§ Required work:
The line with "Porównanie zębów przed" marks where to begin; print it and all lines after it in the material below exactly, skipping pictures.

§ Given data:

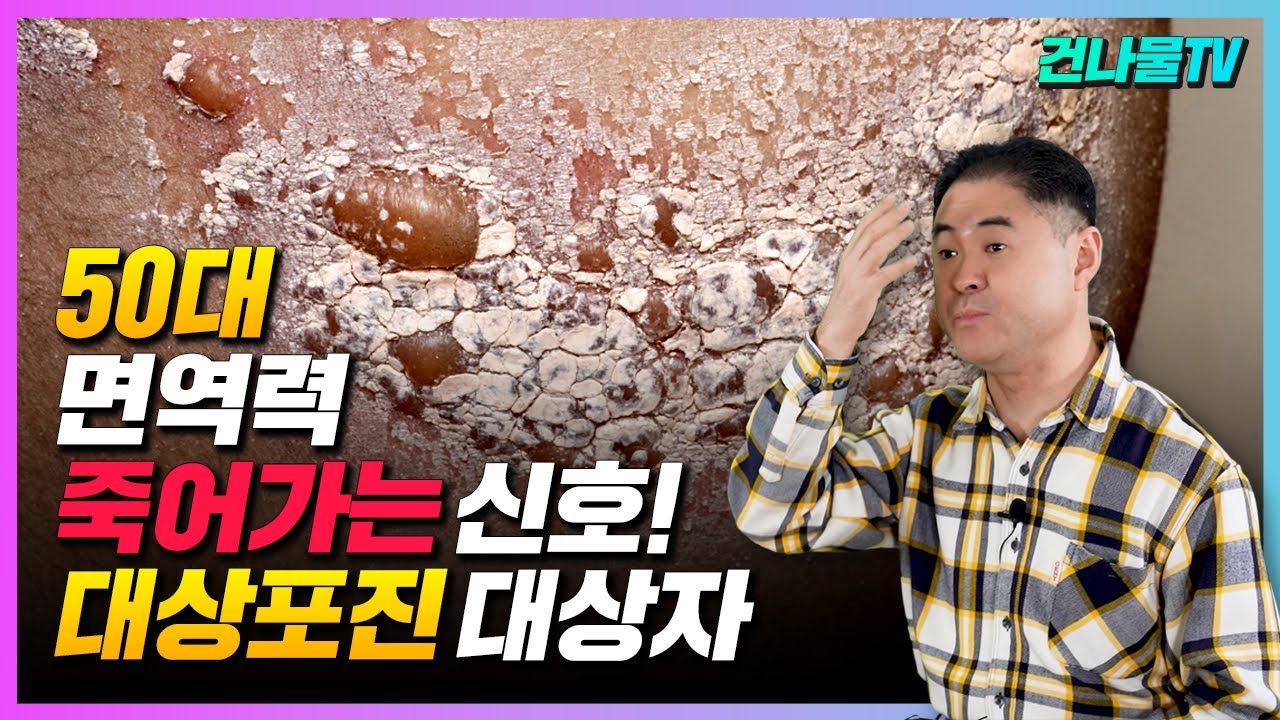 면역력 죽어가는 신호! 대상포진 대상자 50세 이상 꼭 확인 하세요~
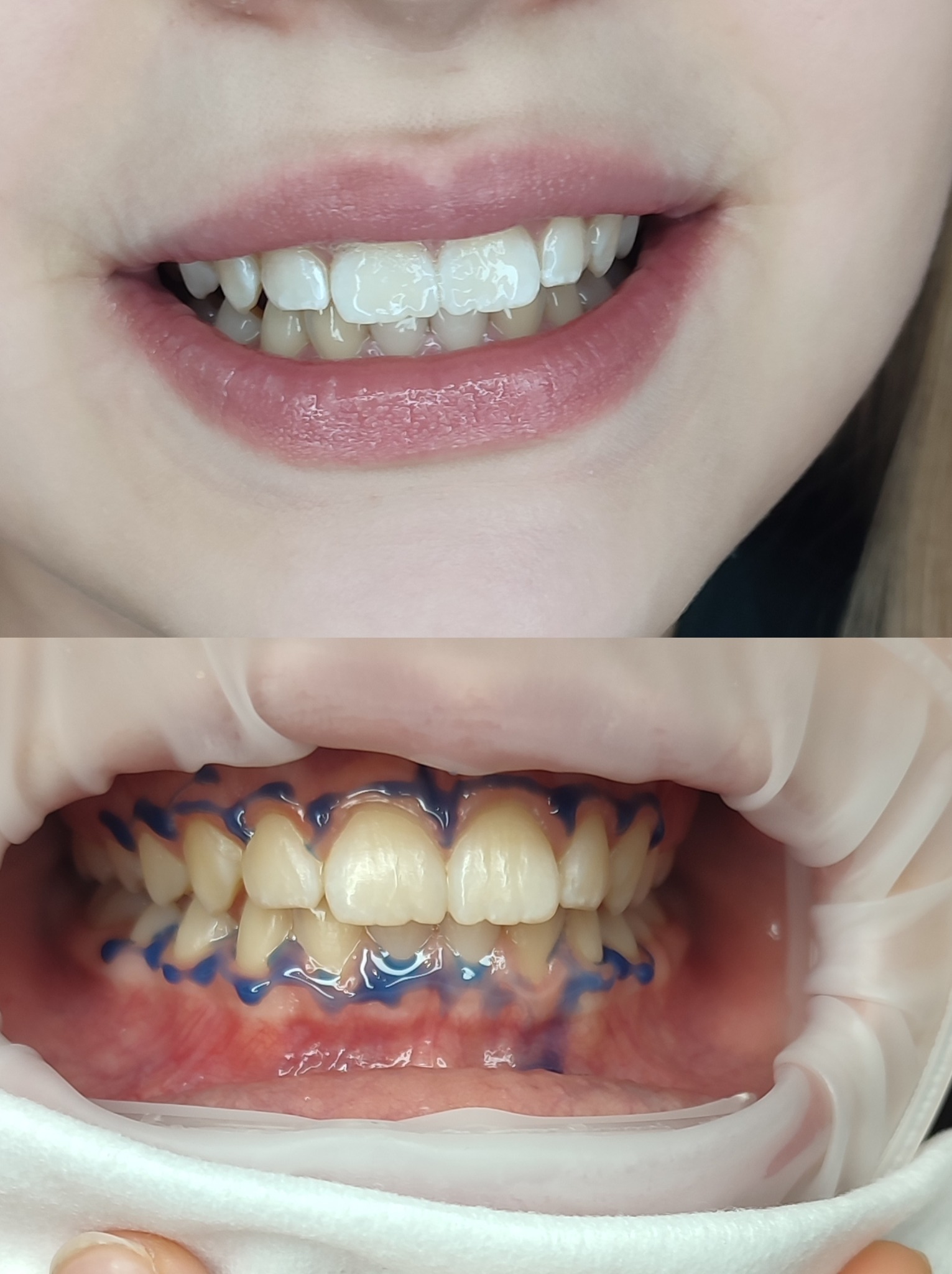 Porównanie zębów przed i po zabiegu: u góry uśmiech z widoczną nakładką wybielającą, na dole zęby z nałożonym preparatem z niebieskim barwnikiem.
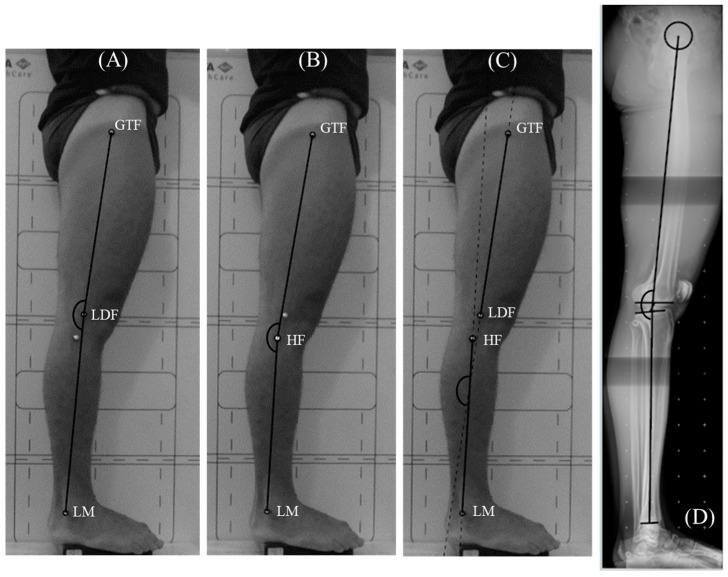 Concurrent Validity of Three Photogrammetric Methods for Assessing Knee Alignment in Sagittal Plane.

§ Answer for the task:
 Porównanie zębów przed i po zabiegu: u góry uśmiech z widoczną nakładką wybielającą, na dole zęby z nałożonym preparatem z niebieskim barwnikiem.
 Concurrent Validity of Three Photogrammetric Methods for Assessing Knee Alignment in Sagittal Plane.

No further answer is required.